Work instructions: Will you output all of the data below exactly, omitting the images?

Short descriptive text snippets:
========================================
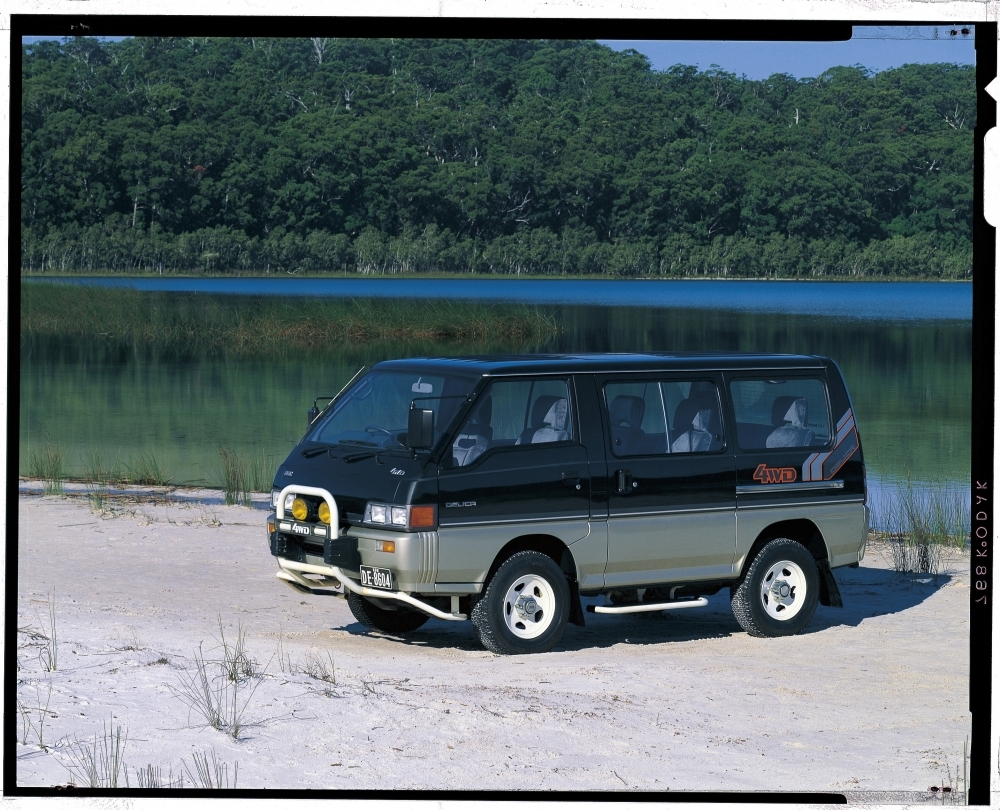 3.delica_star_wagonND_1.jpg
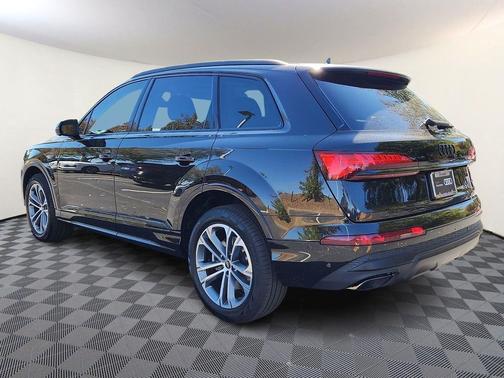2026 Audi Q7 55 Premium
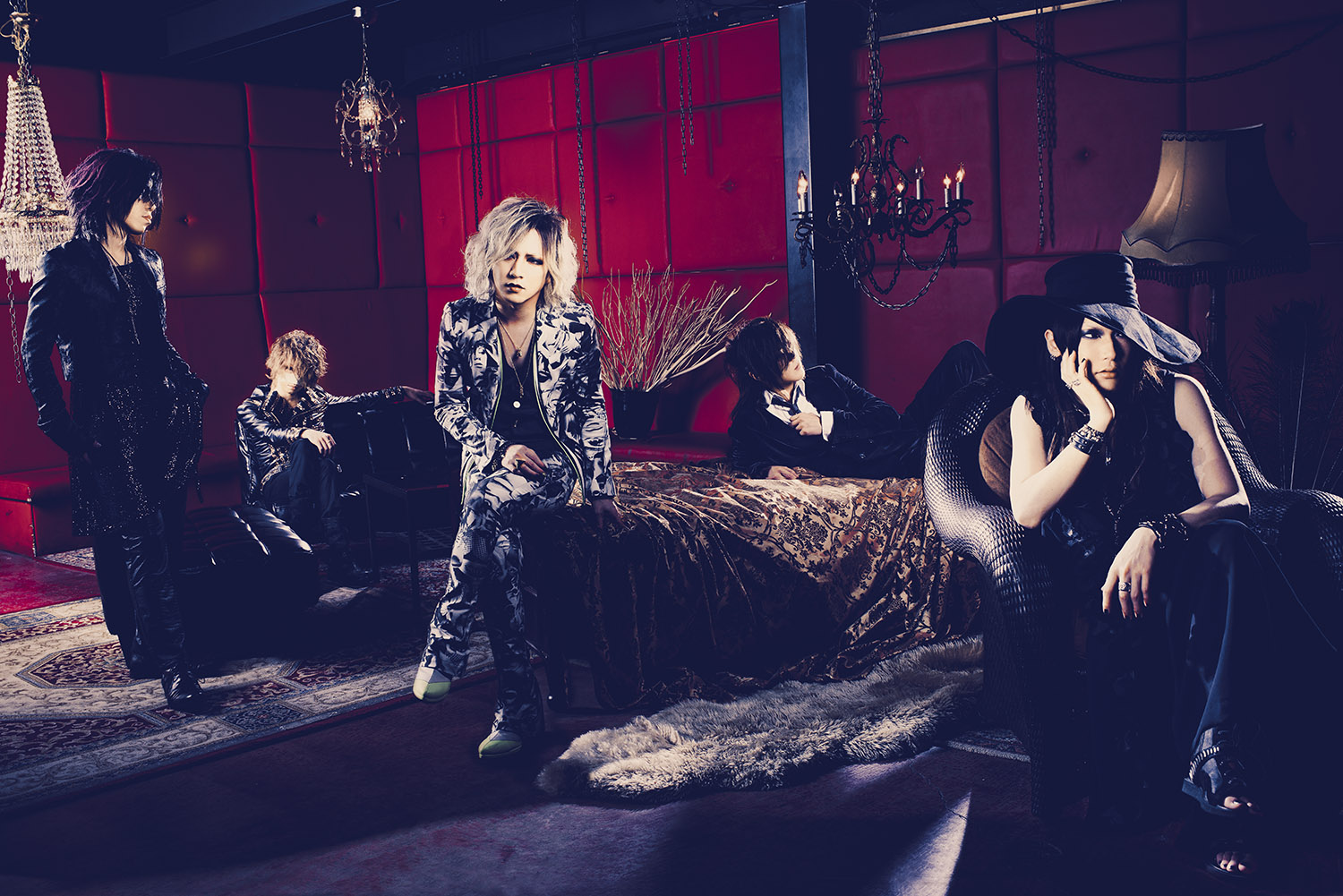 ROCK AND READ – The GazettE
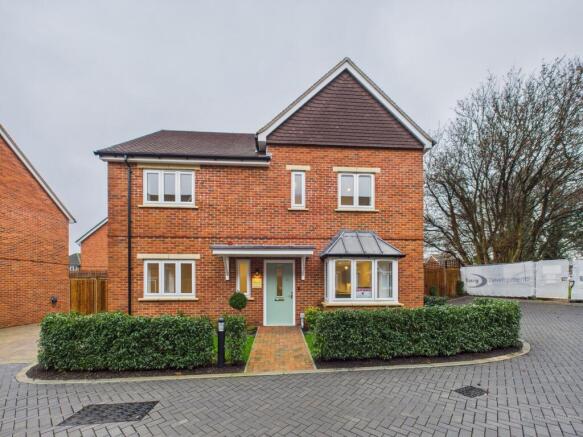 CAM02119G0-PR0504-STILL024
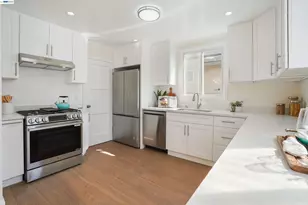 939 Bradley Dr, Daly City, CA 94015 - Photo 15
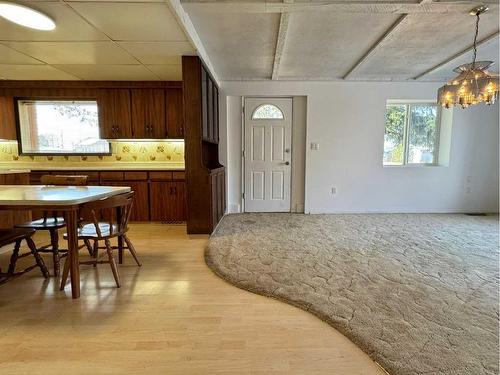 5015 46 Street, Valleyview, AB - Indoor Photo Showing Dining Room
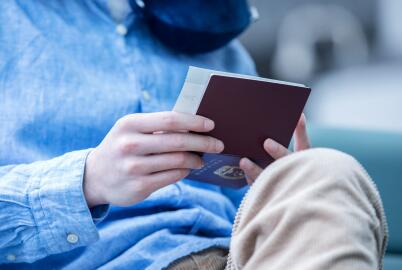 雅典机场将严查旅客护照 提前准备以接受查验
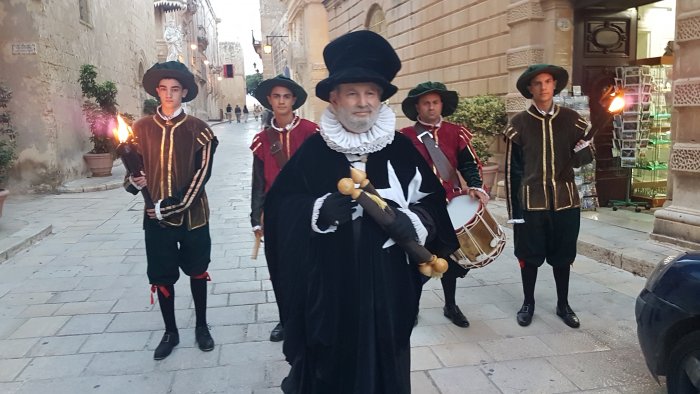 Национальная одежда Мальты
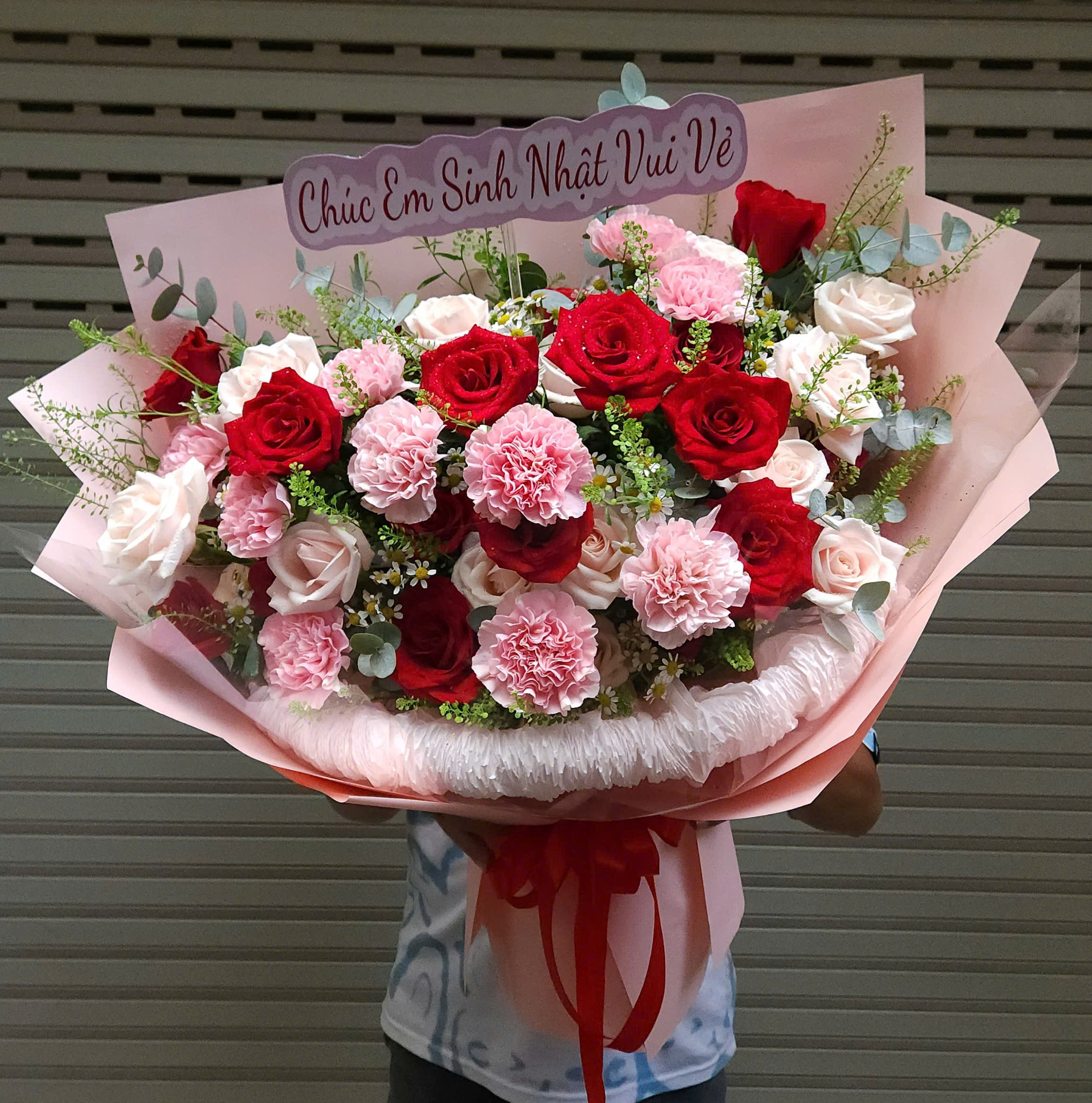 bó hoa hồng đỏ mix hoa hồng kem xinh đẹp 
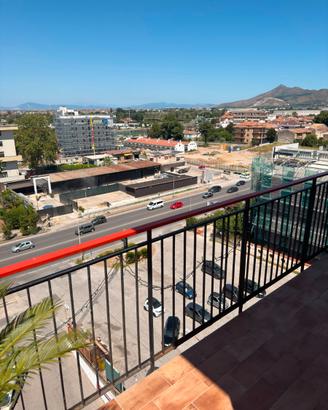 Appartamento con grande balconata, Arredato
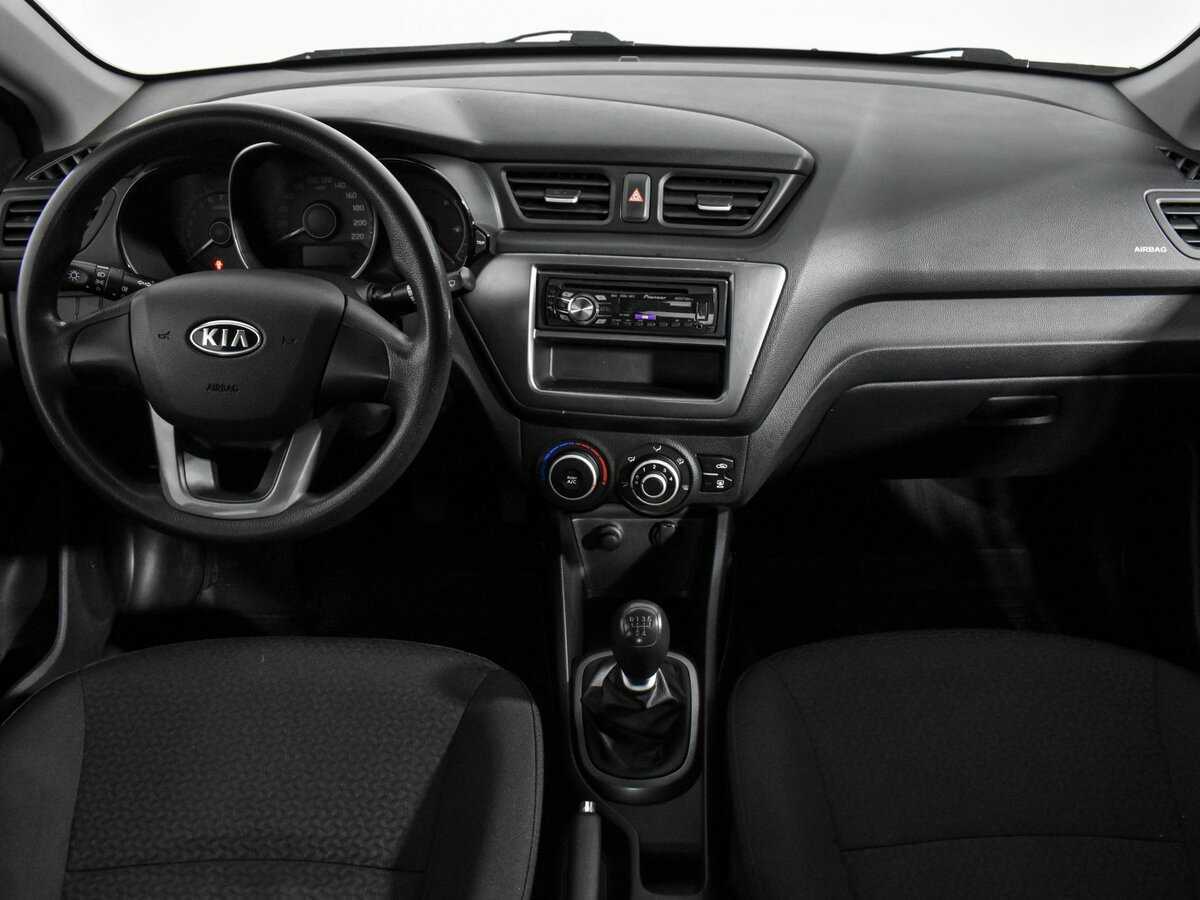 Kia Rio с пробегом — 2012 год. Фото: #13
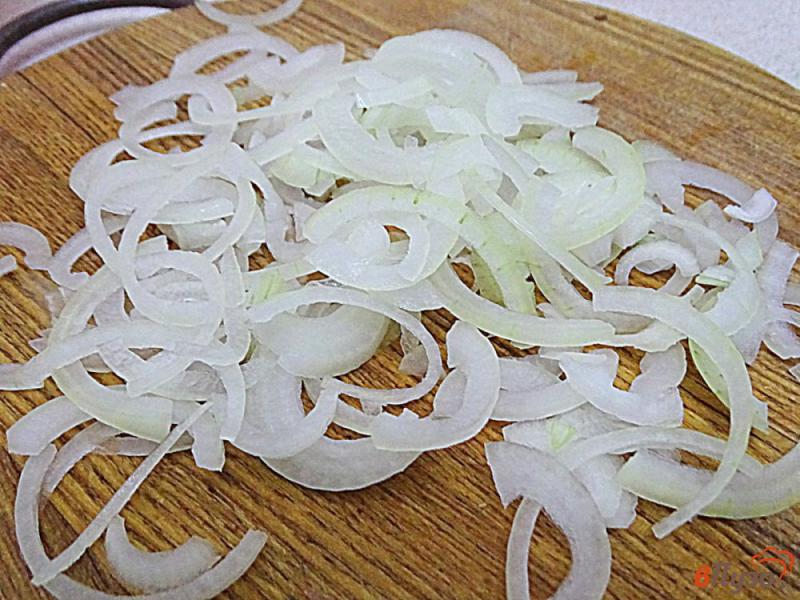 Фото приготовление рецепта: Салат из капусты с помидорами и бальзамическим уксусом шаг №2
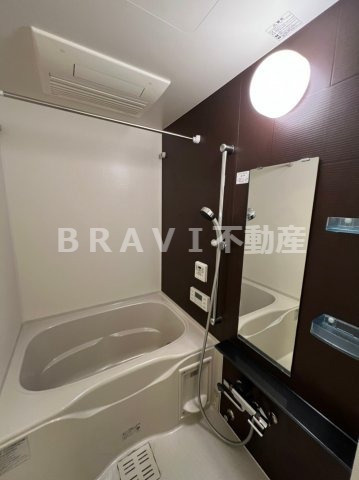 プレサンス堺筋本町駅前　BRAVI不動産の浴室|【プレサンス堺筋本町駅前】日々の疲れを癒すお風呂付です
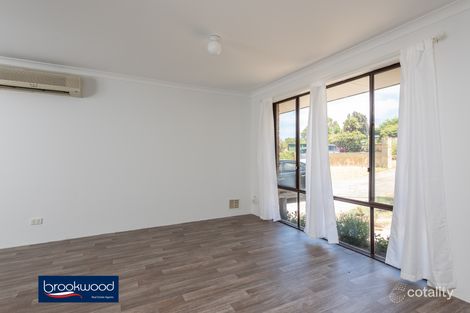Property photo of 4 Harcourt Place Bellevue WA 6056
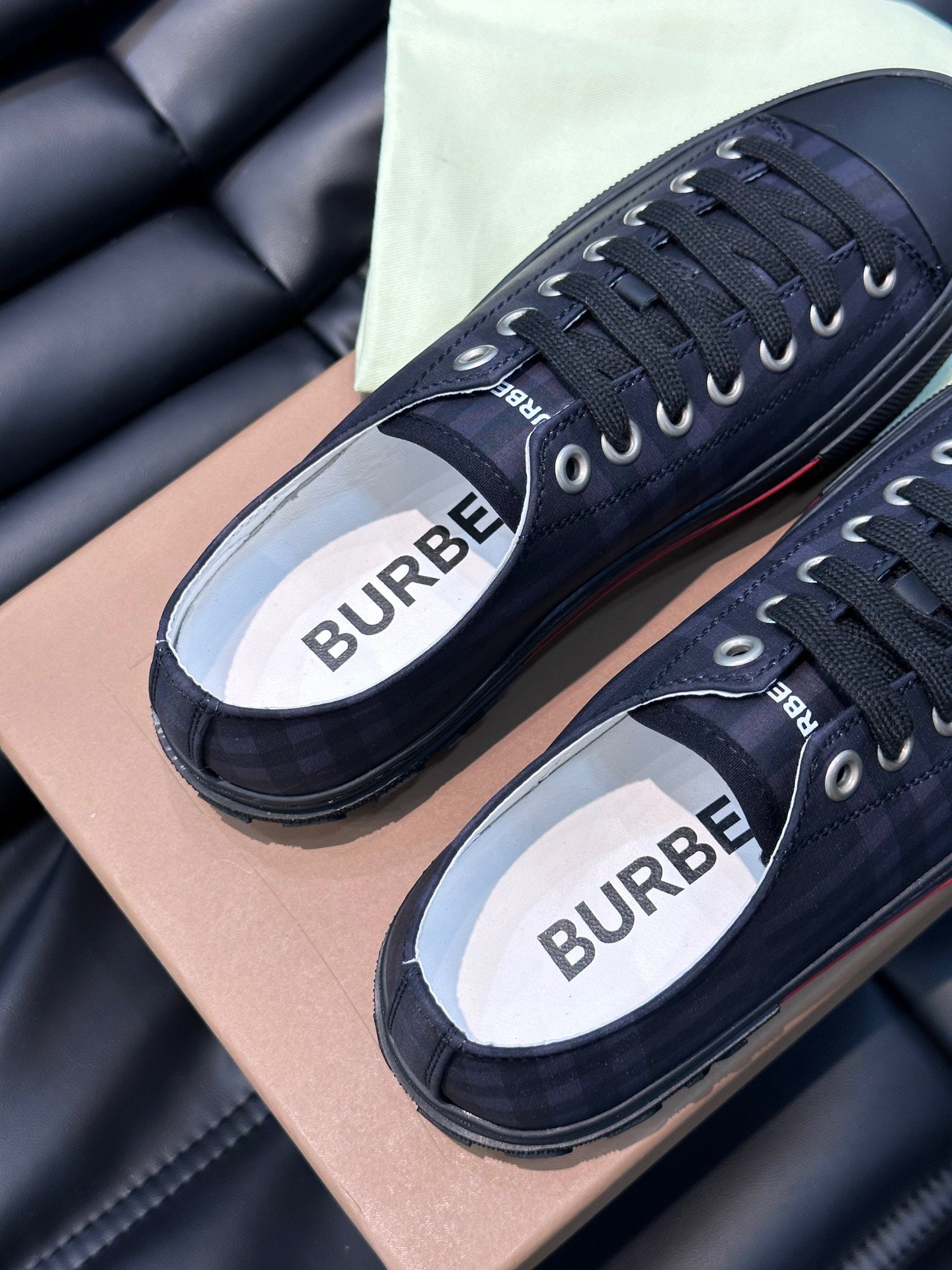 Mehrfarbige Schuhe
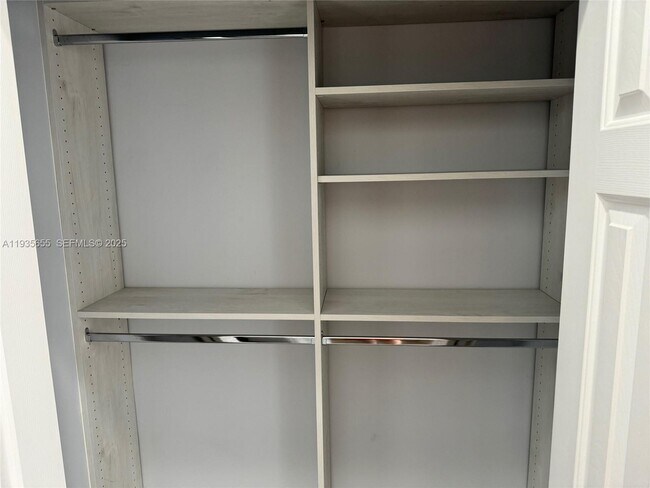 Building Photo - 652 W Palm Aire Dr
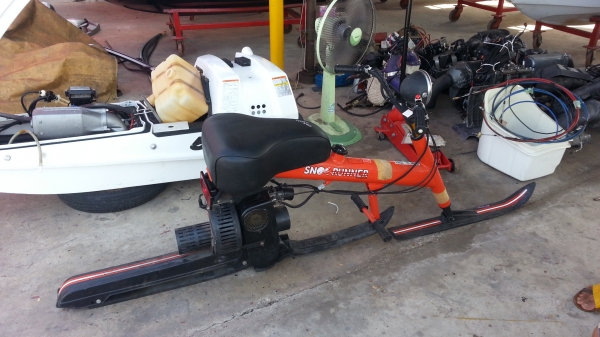 ขาย สกีหิมะ CHRYSLER U.S.A ดังรูป สภาพสวย เครื่งแน่นๆ จากญี่ปุ่น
========================================
Task result:
 3.delica_star_wagonND_1.jpg
2026 Audi Q7 55 Premium
 ROCK AND READ – The GazettE
 CAM02119G0-PR0504-STILL024
 939 Bradley Dr, Daly City, CA 94015 - Photo 15
 5015 46 Street, Valleyview, AB - Indoor Photo Showing Dining Room
 雅典机场将严查旅客护照 提前准备以接受查验
 Национальная одежда Мальты
 bó hoa hồng đỏ mix hoa hồng kem xinh đẹp 
 Appartamento con grande balconata, Arredato
 Kia Rio с пробегом — 2012 год. Фото: #13
 Фото приготовление рецепта: Салат из капусты с помидорами и бальзамическим уксусом шаг №2
 プレサンス堺筋本町駅前　BRAVI不動産の浴室|【プレサンス堺筋本町駅前】日々の疲れを癒すお風呂付です
Property photo of 4 Harcourt Place Bellevue WA 6056
 Mehrfarbige Schuhe
 Building Photo - 652 W Palm Aire Dr
 ขาย สกีหิมะ CHRYSLER U.S.A ดังรูป สภาพสวย เครื่งแน่นๆ จากญี่ปุ่น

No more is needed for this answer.